I have, since my earliest recollection, had some notion of a god. However, the idea of a god was not some inherent idea that I had held deep inside of me since my birth. It was an idea that society had introduced to me, for I held equal stock in the idea that I could control wind with my mind or cast spells. But then around fourth grade I realized I couldn’t cast spells or control the elements through my mental ability. So, I began questioning things including the existence of god. “Do you believe in god?” I asked my mother, who, with her encyclopedic knowledge of the world, I was sure would be able to answer me as she had always done. But to my surprise she responded “I don’t know.”

So, I figured that there was no more reason to believe in god than in witchcraft and decided to become an atheist or at least not to care about seeking answers that couldn’t be, or haven’t yet been, scientifically found. Whenever one of me classmates would talk about church, or something of the nature, and ask me in his or her youthful ignorance what type of Christian I was, I would respond, “None actually. I don’t believe in god.” They would react in shocked outrage berating my beliefs. “What?! How do you think all this was created?” and so on. So, to those who share their outrage and questions, I would have you allow me to briefly explain in a logical manner why it is I have come to the conclusions I have.

The question I most often get when people discover that my views are not in congruency with theirs and the one I first asked myself is: How do you think everything was created? I don’t know. I couldn’t really say. I’ve got some ideas but none of them are definitive. But I find the idea of a “creator”, some omnipotent all powerful being, a trifle irrational-in fact inherently illogical. Now, bare with me here: If a creator created all of existence, who created the creator?

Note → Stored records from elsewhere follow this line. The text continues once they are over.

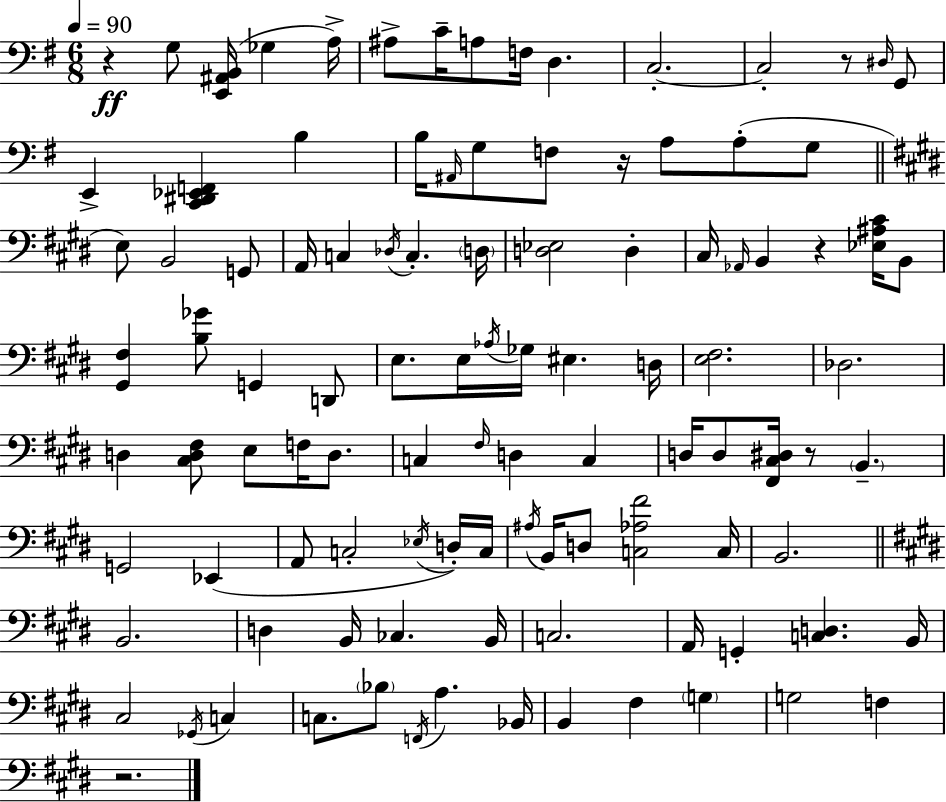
X:1
T:Untitled
M:6/8
L:1/4
K:G
z G,/2 [E,,^A,,B,,]/4 _G, A,/4 ^A,/2 C/4 A,/2 F,/4 D, C,2 C,2 z/2 ^D,/4 G,,/2 E,, [C,,^D,,_E,,F,,] B, B,/4 ^A,,/4 G,/2 F,/2 z/4 A,/2 A,/2 G,/2 E,/2 B,,2 G,,/2 A,,/4 C, _D,/4 C, D,/4 [D,_E,]2 D, ^C,/4 _A,,/4 B,, z [_E,^A,^C]/4 B,,/2 [^G,,^F,] [B,_G]/2 G,, D,,/2 E,/2 E,/4 _A,/4 _G,/4 ^E, D,/4 [E,^F,]2 _D,2 D, [^C,D,^F,]/2 E,/2 F,/4 D,/2 C, ^F,/4 D, C, D,/4 D,/2 [^F,,^C,^D,]/4 z/2 B,, G,,2 _E,, A,,/2 C,2 _E,/4 D,/4 C,/4 ^A,/4 B,,/4 D,/2 [C,_A,^F]2 C,/4 B,,2 B,,2 D, B,,/4 _C, B,,/4 C,2 A,,/4 G,, [C,D,] B,,/4 ^C,2 _G,,/4 C, C,/2 _B,/2 F,,/4 A, _B,,/4 B,, ^F, G, G,2 F, z2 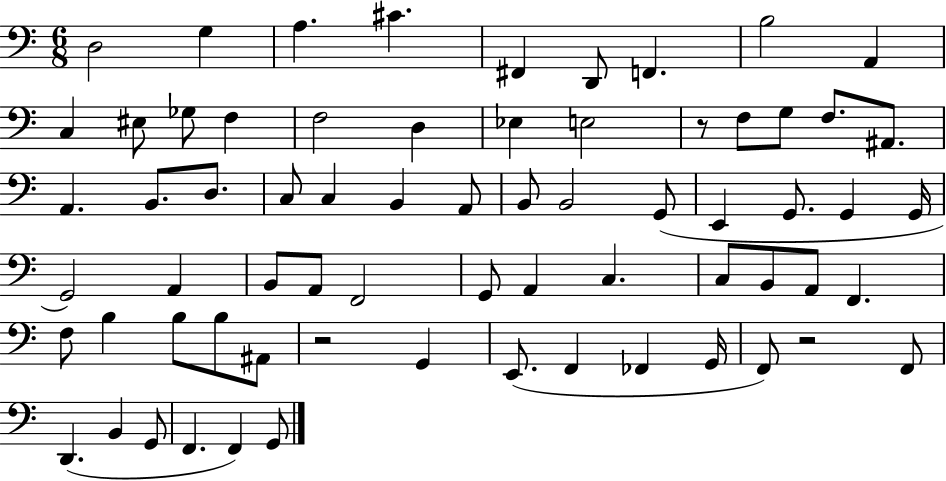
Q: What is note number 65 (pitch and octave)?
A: G2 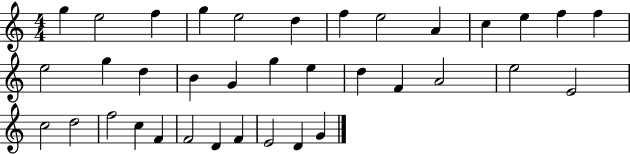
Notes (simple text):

G5/q E5/h F5/q G5/q E5/h D5/q F5/q E5/h A4/q C5/q E5/q F5/q F5/q E5/h G5/q D5/q B4/q G4/q G5/q E5/q D5/q F4/q A4/h E5/h E4/h C5/h D5/h F5/h C5/q F4/q F4/h D4/q F4/q E4/h D4/q G4/q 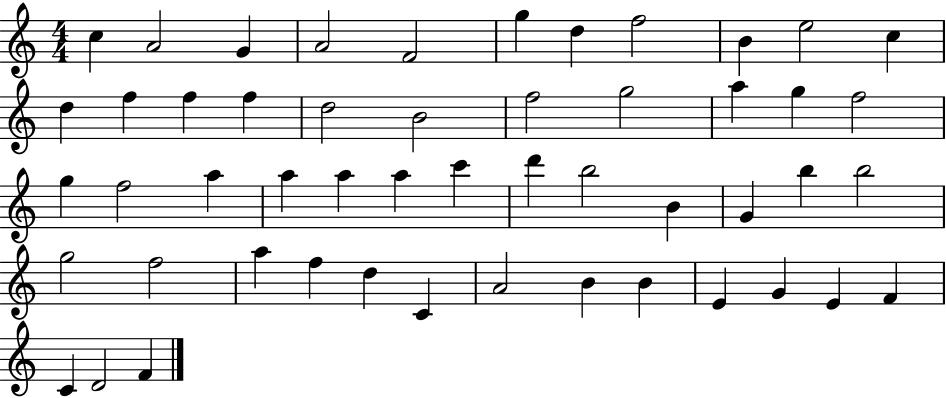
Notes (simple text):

C5/q A4/h G4/q A4/h F4/h G5/q D5/q F5/h B4/q E5/h C5/q D5/q F5/q F5/q F5/q D5/h B4/h F5/h G5/h A5/q G5/q F5/h G5/q F5/h A5/q A5/q A5/q A5/q C6/q D6/q B5/h B4/q G4/q B5/q B5/h G5/h F5/h A5/q F5/q D5/q C4/q A4/h B4/q B4/q E4/q G4/q E4/q F4/q C4/q D4/h F4/q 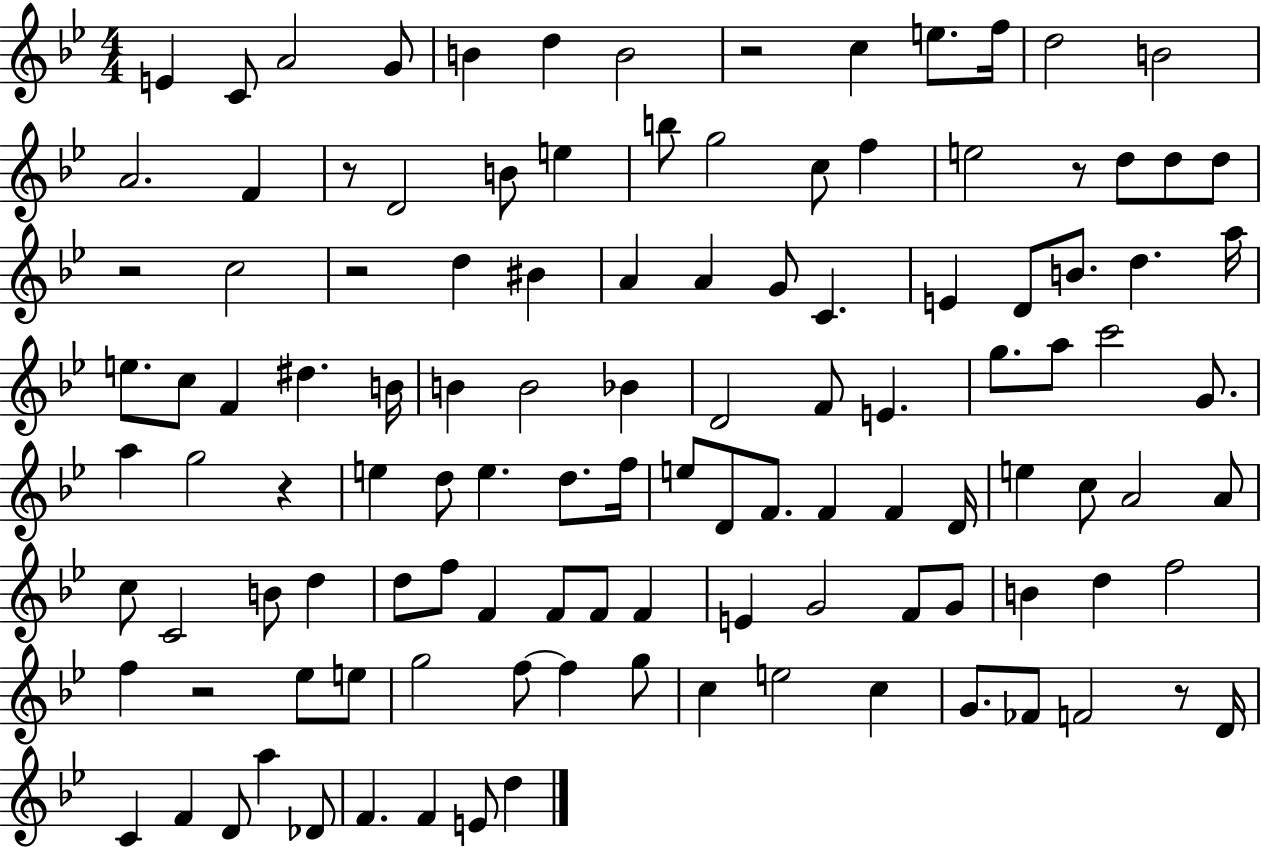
{
  \clef treble
  \numericTimeSignature
  \time 4/4
  \key bes \major
  e'4 c'8 a'2 g'8 | b'4 d''4 b'2 | r2 c''4 e''8. f''16 | d''2 b'2 | \break a'2. f'4 | r8 d'2 b'8 e''4 | b''8 g''2 c''8 f''4 | e''2 r8 d''8 d''8 d''8 | \break r2 c''2 | r2 d''4 bis'4 | a'4 a'4 g'8 c'4. | e'4 d'8 b'8. d''4. a''16 | \break e''8. c''8 f'4 dis''4. b'16 | b'4 b'2 bes'4 | d'2 f'8 e'4. | g''8. a''8 c'''2 g'8. | \break a''4 g''2 r4 | e''4 d''8 e''4. d''8. f''16 | e''8 d'8 f'8. f'4 f'4 d'16 | e''4 c''8 a'2 a'8 | \break c''8 c'2 b'8 d''4 | d''8 f''8 f'4 f'8 f'8 f'4 | e'4 g'2 f'8 g'8 | b'4 d''4 f''2 | \break f''4 r2 ees''8 e''8 | g''2 f''8~~ f''4 g''8 | c''4 e''2 c''4 | g'8. fes'8 f'2 r8 d'16 | \break c'4 f'4 d'8 a''4 des'8 | f'4. f'4 e'8 d''4 | \bar "|."
} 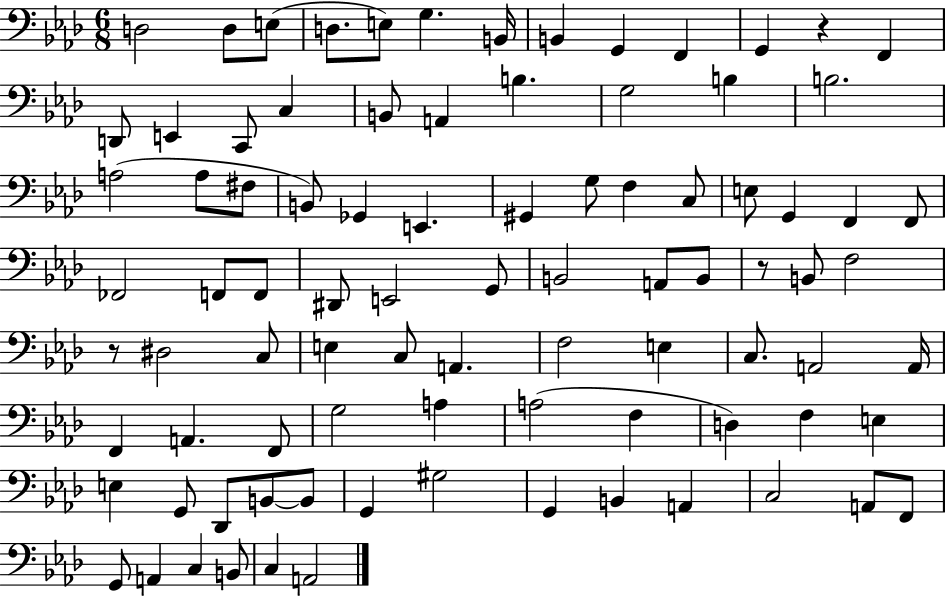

Some may say “Just accept that there was a creator who created himself or that the creator has always been there.” If we can accept that, why then can we not accept that existence created itself or that existence has always been there? Why is necessary to have “god” as a middle man? Are we so attached to the idea that a humanlike being is responsible for existence? I simply reject the idea that some sentient, humanlike being begat all that there is.

The more concerning question I intend to address is this: How can there be a clear good and evil if not for god? One of the reasons people find it necessary to conceive of some godlike being, is that we like the idea that there is some sort of ultimate justice-that the good will be rewarded with eternal goodness and the bad with eternal badness-that god ordains what is good and evil. I don’t believe that good and evil are absolute things. For instance I don’t think working on Sundays or that gays practicing sodomy are evil things. I think historically the lines of good and evil have been forever shifting, and have been determined only in a general sense by the society of the time on how we as humans can best coexist. How can I best serve my own interests while respecting others? That’s how I try to live and feel that I have good values.

I don’t say these things just to ruffle feathers, though I do enjoy the occasional feather ruffling. I think it’s good to be religious-spiritual I should say. People’s spiritualities have been responsible for fantastically wonderful things. I just find the presumption that someone who doesn’t believe in god cannot have good values insulting and irrational. So don’t write a brother off, huh?